Le plus beau coup sportivo-financier de l’histoire de La Gantoise trône actuellement en tête de la Ligue 1 avec le LOSC. Derrière cette vérité factuelle, il y a pourtant le début de saison morose d’un Canadien toujours muet face au but. Analyse des débuts hexagonaux d’un homme qui roulait sur la Pro League, mais doit encore apprendre à marcher sur la Ligue 1.

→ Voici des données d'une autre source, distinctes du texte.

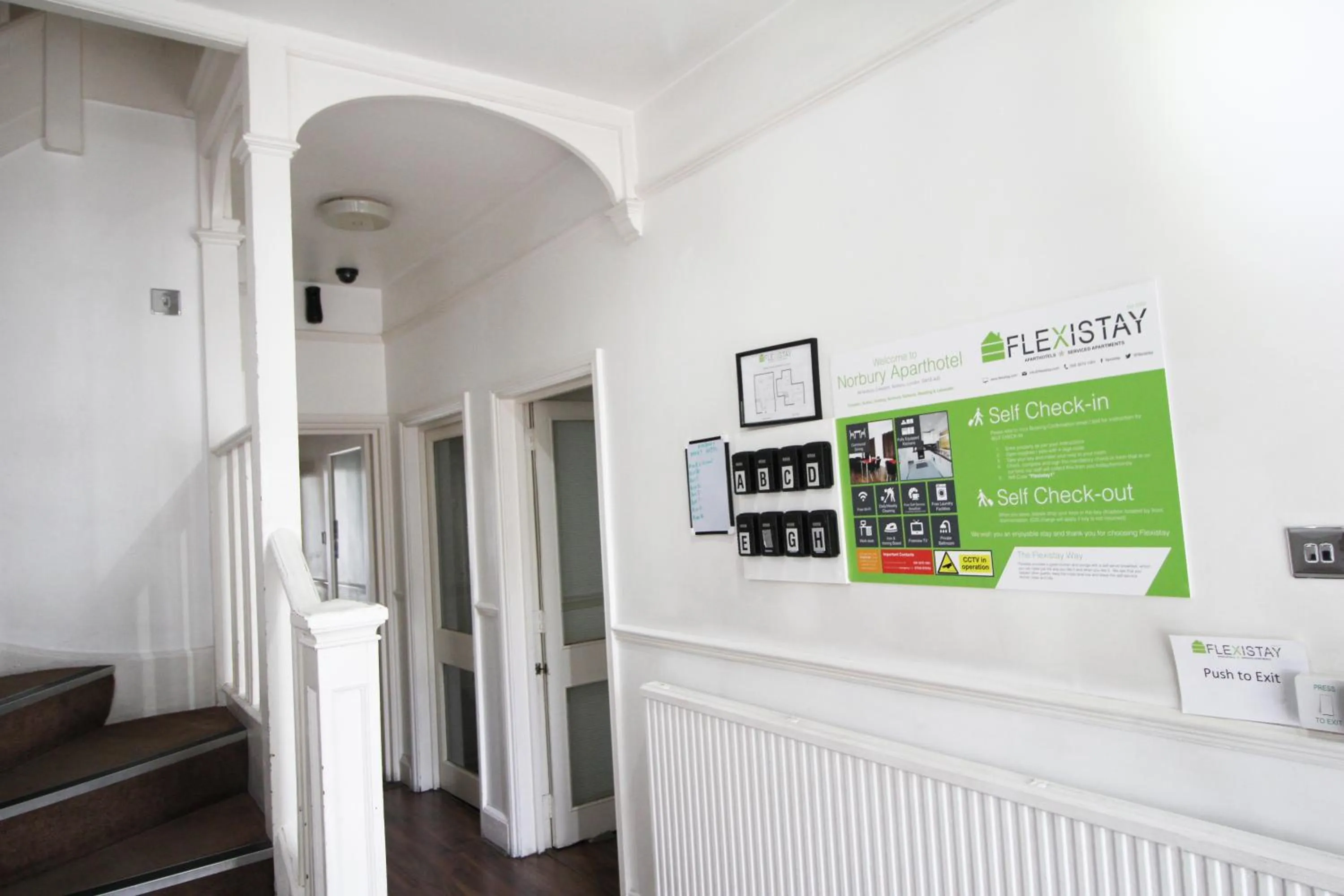 Lobby or reception in Flexistay Norbury Aparthotel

On peut arriver en retard à son premier rendez-vous et repartir avec le mojo de ceux qui savent avoir fait bonne impression. Demandez à Jonathan David ce qu’il en pense, il vous répondra sans doute que c’est la force des gens spontanés. Capable de se pointer en retard pour sa première convocation avec l’équipe première de Gand sous Yves Vanderhaeghe au printemps 2018, de s’entraîner à la carte pendant deux ans, mais de s’envoler pour le Nord de la France cet été avec le statut de plus gros transfert sortant de l’histoire du championnat belge. Ou comment passer en moins de deux ans de jeune malpoli à star bankable.

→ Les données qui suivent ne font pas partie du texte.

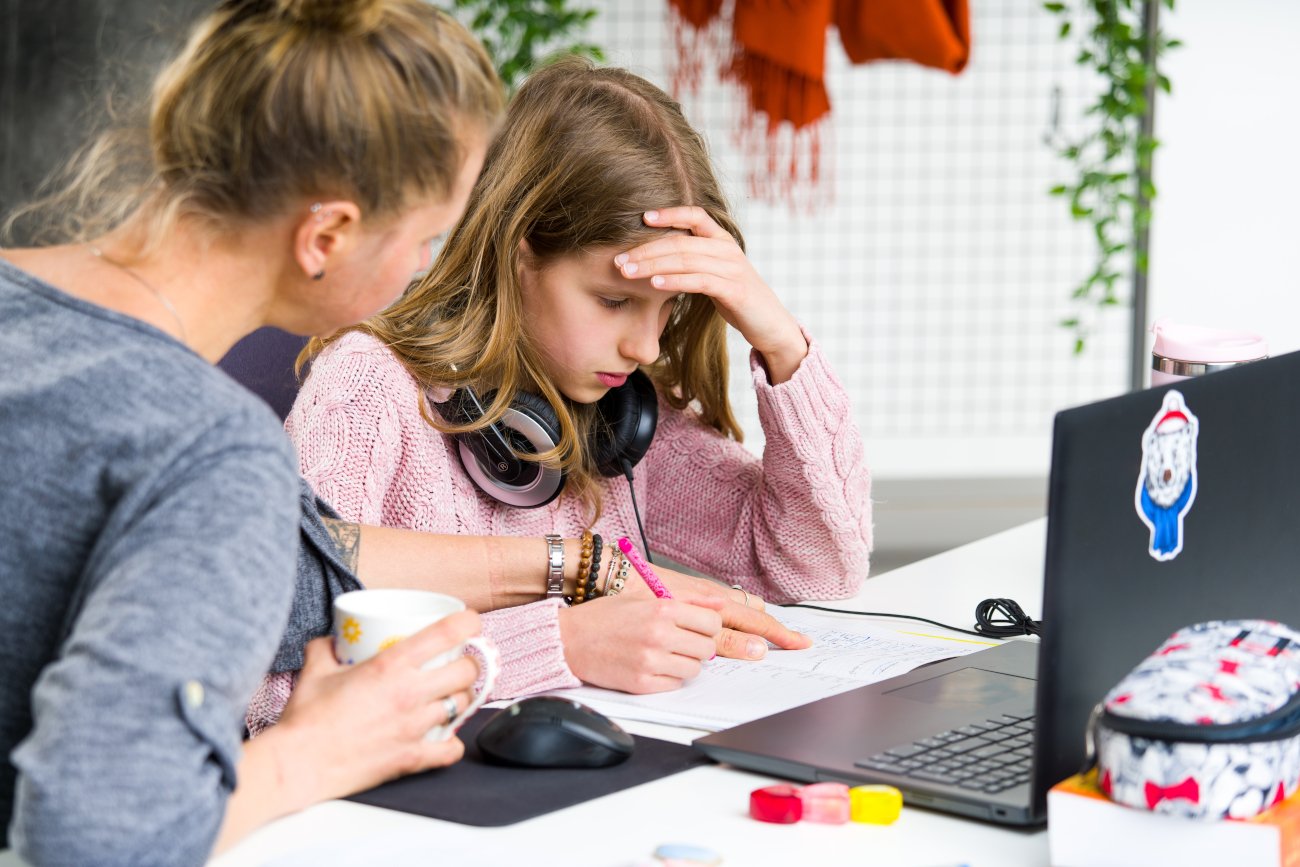 odrabianie lekcji z dzieckiem, słabe oceny dziecka w czasie nauki zdalnej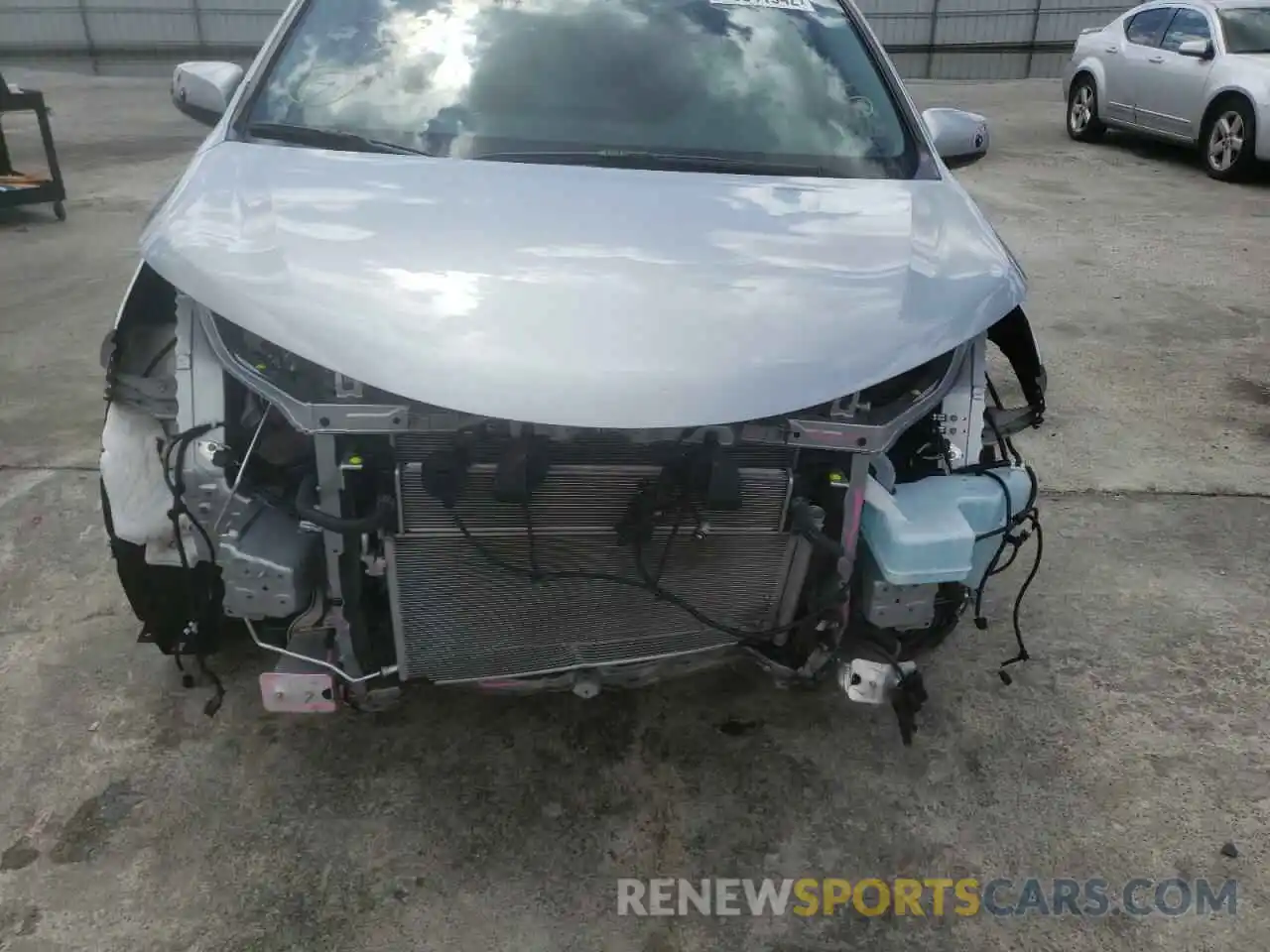 9 Photograph of a damaged car 5TDJRKEC7NS097324 TOYOTA SIENNA 2022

Il a eu des débuts compliqués en France, mais à Gand, c’était pareil. Il est arrivé sur la pointe des pieds et a fait son trou. » Dylan Bronn, FC Metz

Qu’on se rassure, il faut parfois moins de deux ans à Jonathan David pour retourner l’opinion. Le 17 juillet dernier, en plein mercato, le Canadien confiait ainsi au quotidien français L’Équipe sa volonté de signer le plus rapidement possible à Lille malgré le refus d’une première offre de la direction buffalo. Une sortie médiatique et une punchline – « Franchement, je ne crois pas qu’il y ait beaucoup de respect de la part de mes dirigeants » – reprise en boucle, qui aura forcément eu le don d’agacer Ivan De Witte et Michel Louwagie, mais qui aura surtout su accélérer, c’est un fait, la procédure.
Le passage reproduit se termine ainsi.